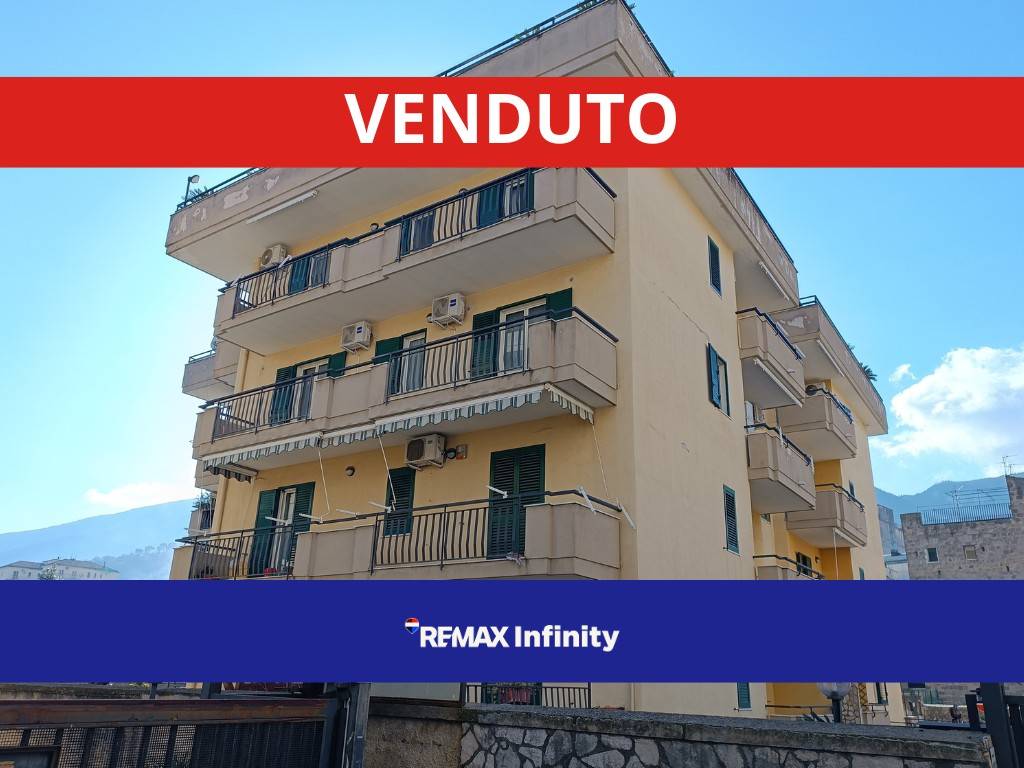 appartamento in vendita a Pagani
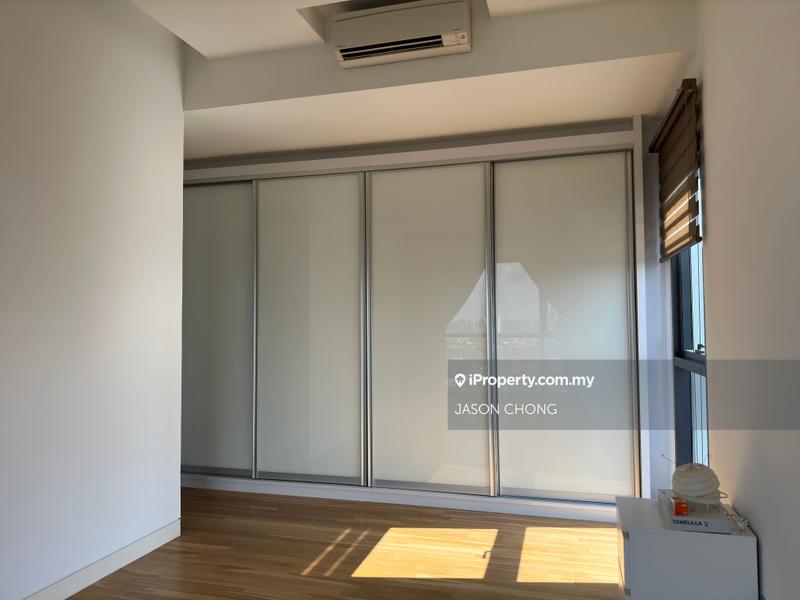 Service Residence for Sale in Bayberry @ Tropicana Gardens by JASON CHONG - iProperty.com.my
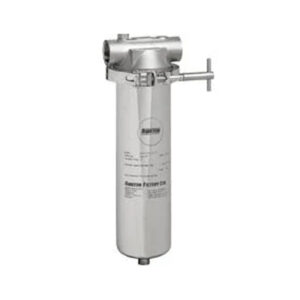 51 Series Single Cartridge Housing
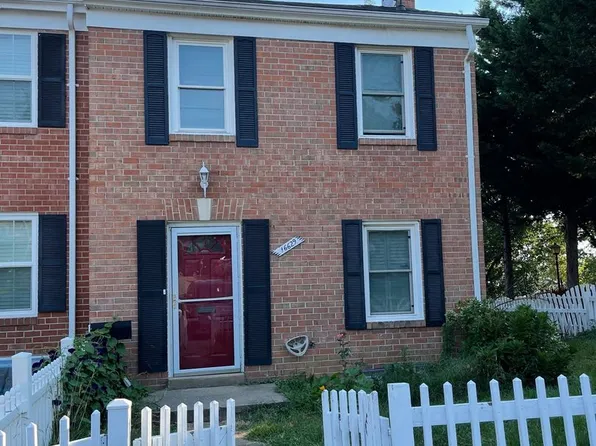 16629 Geddy Ct, Woodbridge, VA 22191
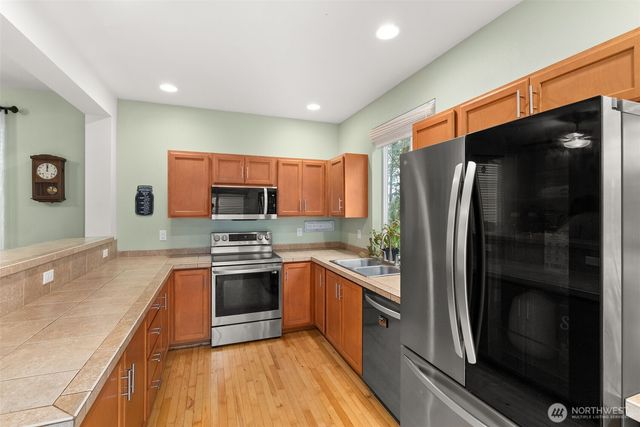 1278 Ebbets Drive SW, Tumwater, WA 98512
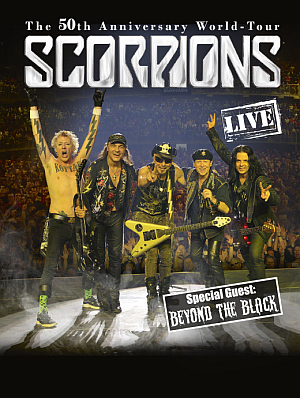 scorpions anniversarytour2016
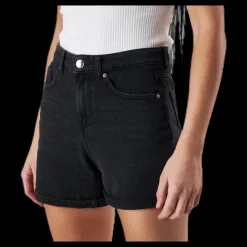 Only Phine Shorts Black Svart Outlet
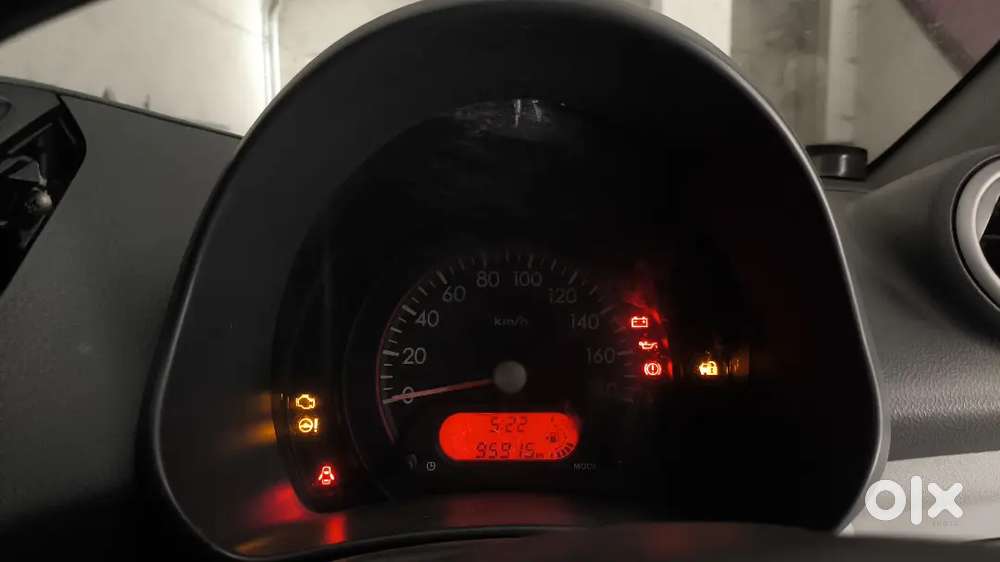 Suzuki A Star Mint Condition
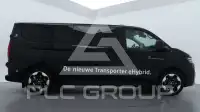 2026 Volkswagen Transporter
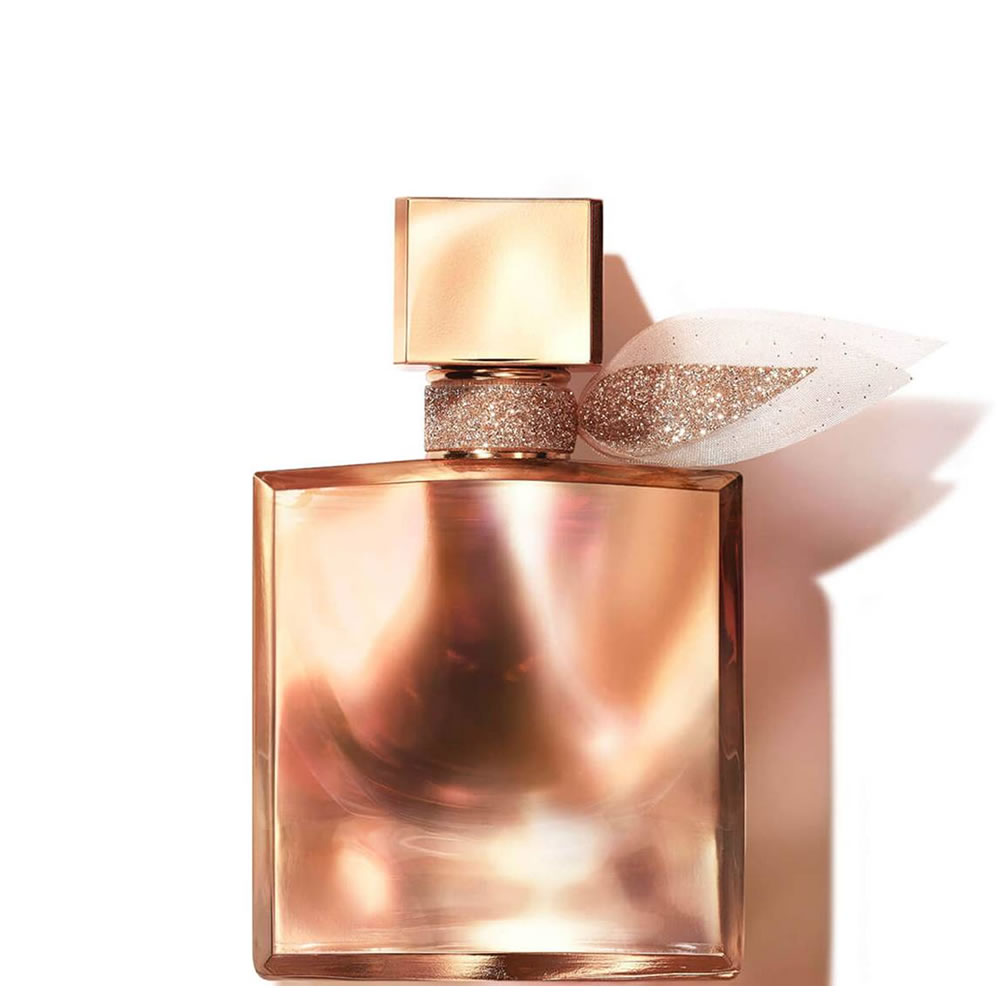 Lancôme La Vie Est Belle L'Extrait de Parfum: A Deeper Dive into the Sweet Iris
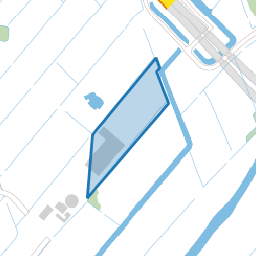 Perceel LDN01-W-7604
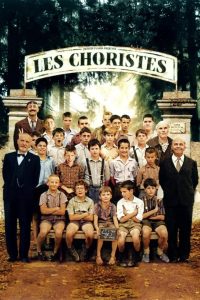 Les Choristes (2004)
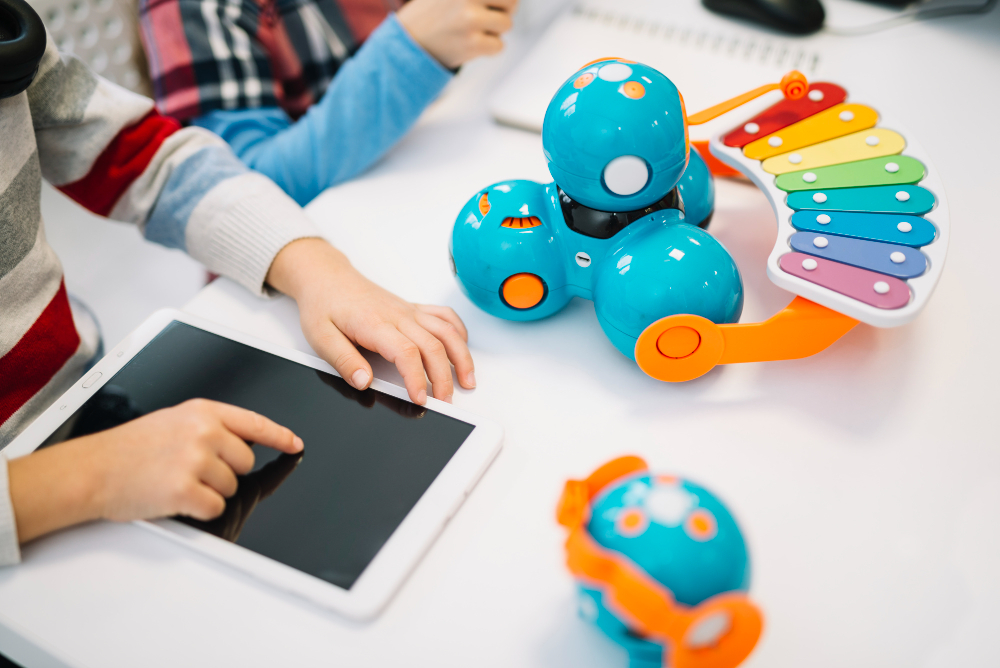 Gamificación en Educación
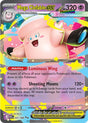 Mega Clefable ex - 031/088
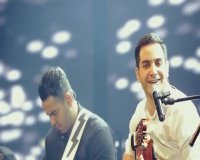 محسن یگانه - بهت قول میدم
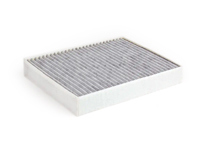 Pollen particle filter. Porsche 958 Cayenne - 95857221901, 95857221900 - CUK 2847/1 Pollen particle filter. Porsche 958 Cayenne - 95857221901, 95857221900 - CUK 2847/1
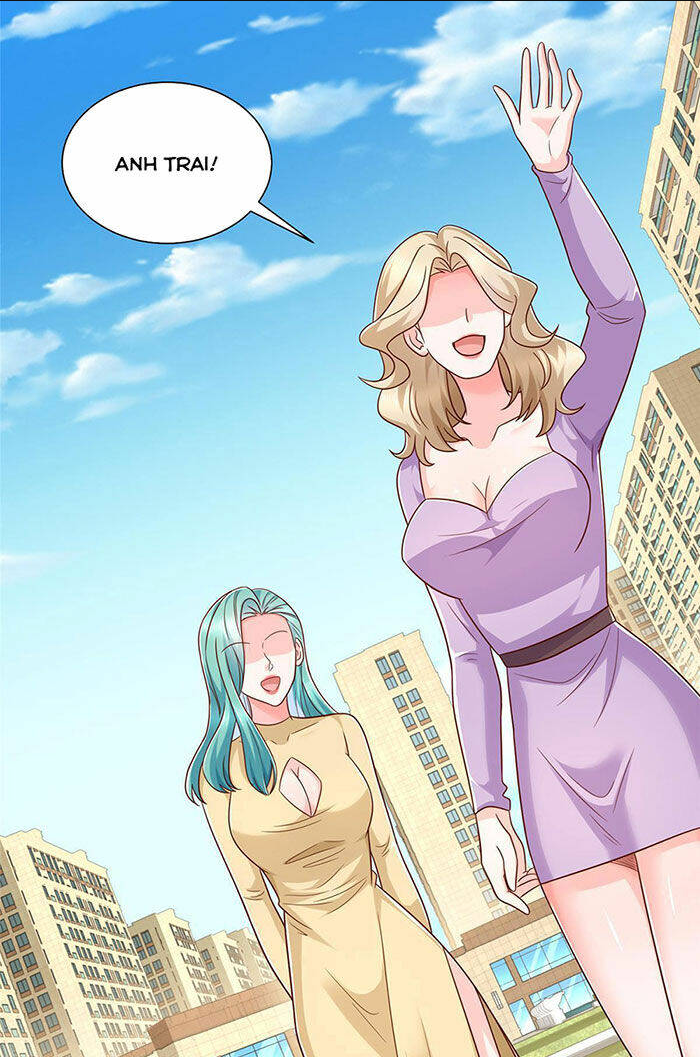 Mỗi Tuần Ta Có Một Nghề Nghiệp Mới: Chapter 429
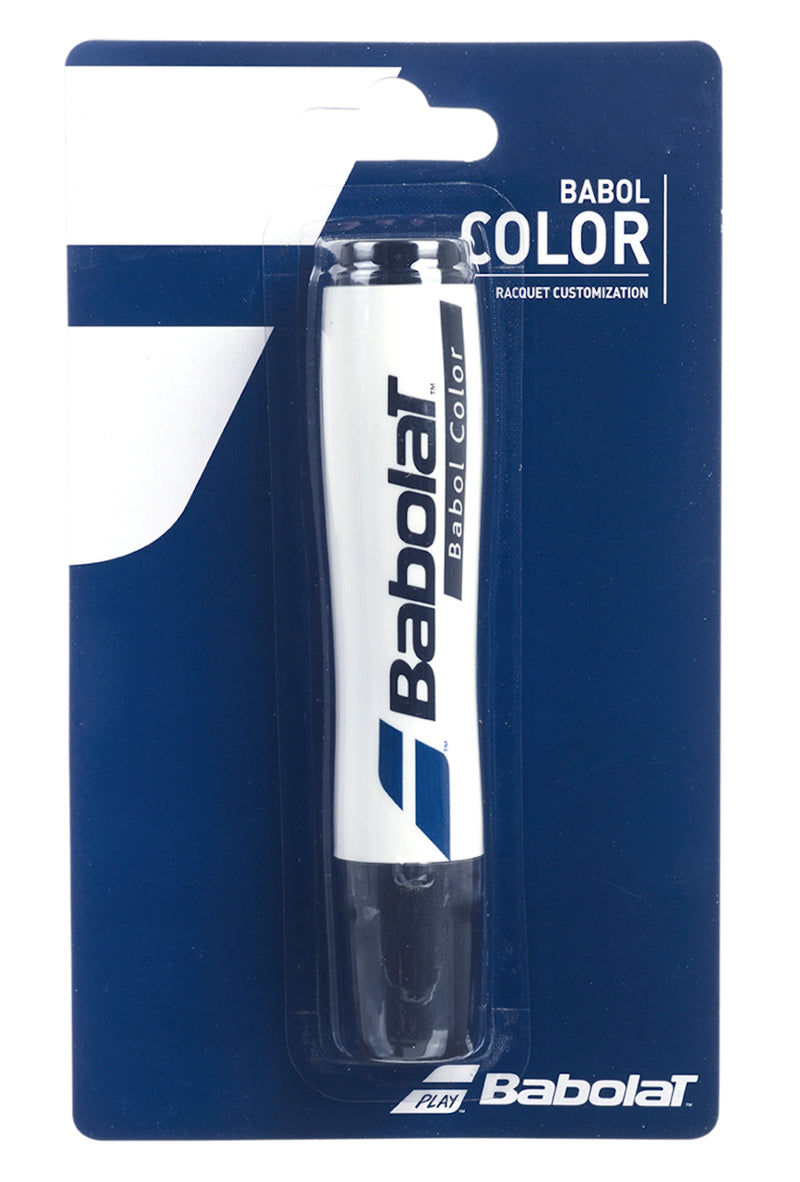 Babolat Racket Stencil Ink Marker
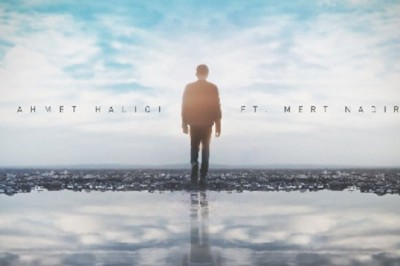Hayal - Ahmet Halıcı ft. Mert Nadir - Video Klibi 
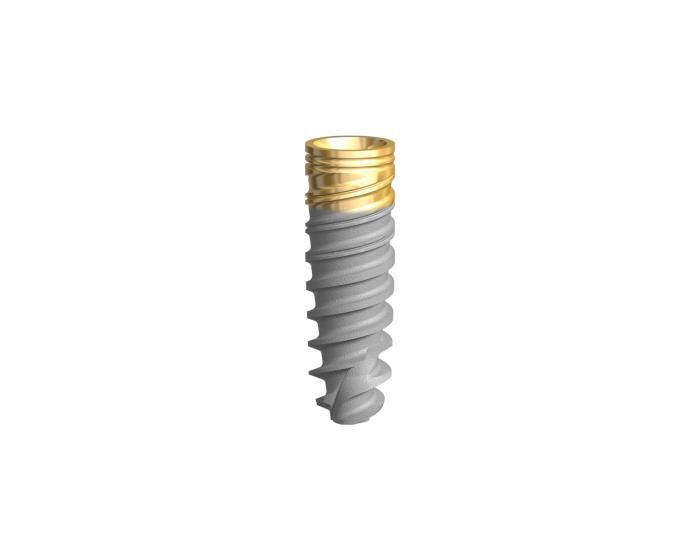 Имплантат NobelActive TiUltra 3,0 x 10 мм 300240 - фото 488016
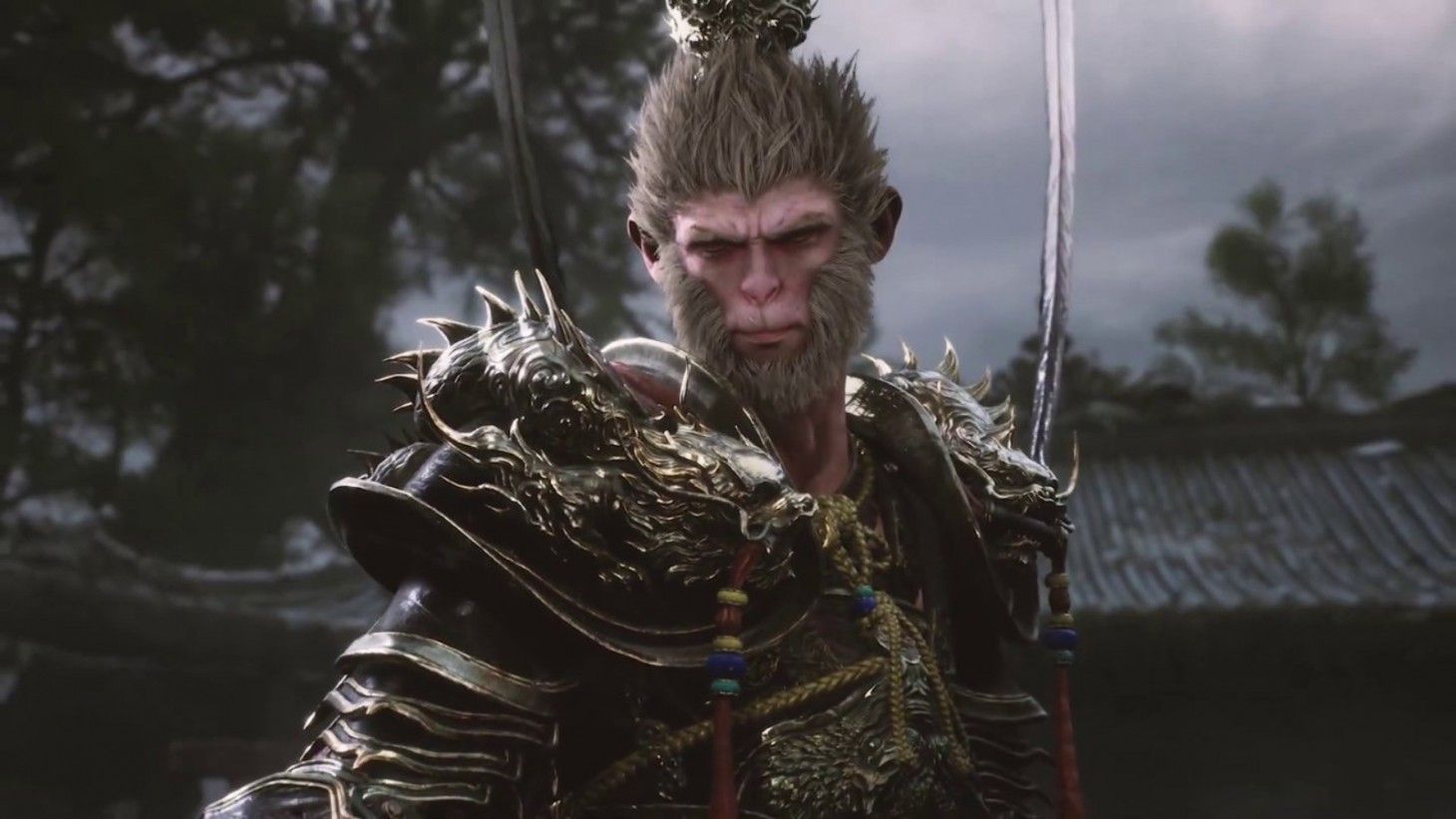 Black Myth: Wukong La sortie physique de la PS5 est pour très bientôt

---

What you should do ▸ Transcribe the records above exactly, leaving every picture out of the copy.

The answer ▸
 appartamento in vendita a Pagani
 Service Residence for Sale in Bayberry @ Tropicana Gardens by JASON CHONG - iProperty.com.my
 51 Series Single Cartridge Housing
 16629 Geddy Ct, Woodbridge, VA 22191
 1278 Ebbets Drive SW, Tumwater, WA 98512
 scorpions anniversarytour2016
 Only Phine Shorts Black Svart Outlet
 Suzuki A Star Mint Condition
 2026 Volkswagen Transporter
 Lancôme La Vie Est Belle L'Extrait de Parfum: A Deeper Dive into the Sweet Iris
 Perceel LDN01-W-7604
 Les Choristes (2004)
 Gamificación en Educación
 Mega Clefable ex - 031/088
 محسن یگانه - بهت قول میدم
 Pollen particle filter. Porsche 958 Cayenne - 95857221901, 95857221900 - CUK 2847/1 Pollen particle filter. Porsche 958 Cayenne - 95857221901, 95857221900 - CUK 2847/1
 Mỗi Tuần Ta Có Một Nghề Nghiệp Mới: Chapter 429
 Babolat Racket Stencil Ink Marker
Hayal - Ahmet Halıcı ft. Mert Nadir - Video Klibi 
 Имплантат NobelActive TiUltra 3,0 x 10 мм 300240 - фото 488016
 Black Myth: Wukong La sortie physique de la PS5 est pour très bientôt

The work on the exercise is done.